The postal service’s owner International Distribution Services (IDS) agreed to a £3.57 billion takeover offer from Czech billionaire Daniel Kretinsky’s EP Group in May.
The move will see it taken off the public markets and into the hands of Mr Kretinsky’s firm, which already has a 27% shareholding in the business.
Royal Mail shareholders will vote on the deal at their next meeting on September 27.
In an interview with the BBC, Mr Kretinsky said he will honour Royal Mail’s Universal Service Obligation (USO) for as long as he is in charge.
The USO requires Royal Mail to deliver first-class post six days a week, to all UK addresses under a “one-price-goes-anywhere” basis.
Mr Kretinsky told the broadcaster: “As long as I’m alive, I completely exclude this, and I’m sure that anybody that would be my successor would absolutely understand this.
“I say this as an absolutely clear, unconditional commitment: Royal Mail is going to be the provider of Universal Service Obligation in the UK, I would say forever, as long as the service is going to be needed, and as long as we are going to be around.”
IDS has proposed to reform the system, which it estimates could result in the reduction of about 7,000 to 9,000 daily delivery routes and up to 1,000 voluntary redundancies.
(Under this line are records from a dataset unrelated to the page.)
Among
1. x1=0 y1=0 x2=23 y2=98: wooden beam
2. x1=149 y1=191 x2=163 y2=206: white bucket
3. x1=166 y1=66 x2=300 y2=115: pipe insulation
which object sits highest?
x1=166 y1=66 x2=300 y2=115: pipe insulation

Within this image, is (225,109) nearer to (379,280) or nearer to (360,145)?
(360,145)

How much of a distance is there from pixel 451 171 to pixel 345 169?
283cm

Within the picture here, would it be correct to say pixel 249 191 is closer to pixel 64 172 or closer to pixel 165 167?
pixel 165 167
Mr Kretinsky also told the BBC that, although he is not in favour of shared ownership, he is “very open” to profit sharing.
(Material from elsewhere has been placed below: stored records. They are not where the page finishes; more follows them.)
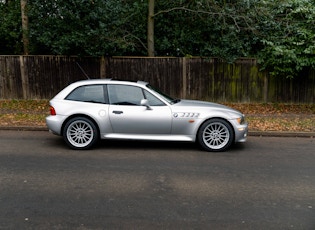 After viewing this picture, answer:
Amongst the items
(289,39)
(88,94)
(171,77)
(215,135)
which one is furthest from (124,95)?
(289,39)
Unions representing postal workers have previously called for staff to be given a stake in the company via a shake-up of its structure.
But Mr Kretinsky said he did not think ownership stake was “the right model”.
“The logic is: share of profit, yes, (but an) ownership structure creates a lot of complexity,” he told the broadcaster.
“For instance, what happens if the employee leaves? He has shares, he is leaving, he is not working for the company, he (still) needs remunerating.”
He added he would prefer to “remunerate the people who are working for the company, and creating value for the company”.
Mr Kretinsky, who is said to have a net worth of £6 billion, has a string of other investments, including stakes in London football club West Ham United and supermarket giant Sainsbury’s.
The potential sale of Royal Mail’s owner has attracted heavy scrutiny, with senior politicians and unions voicing concerns over the future of the postal service.
The Government has the power to block the deal altogether with Labour vowing to “robustly scrutinise” the takeover and give workers a “stronger voice” in its election manifesto.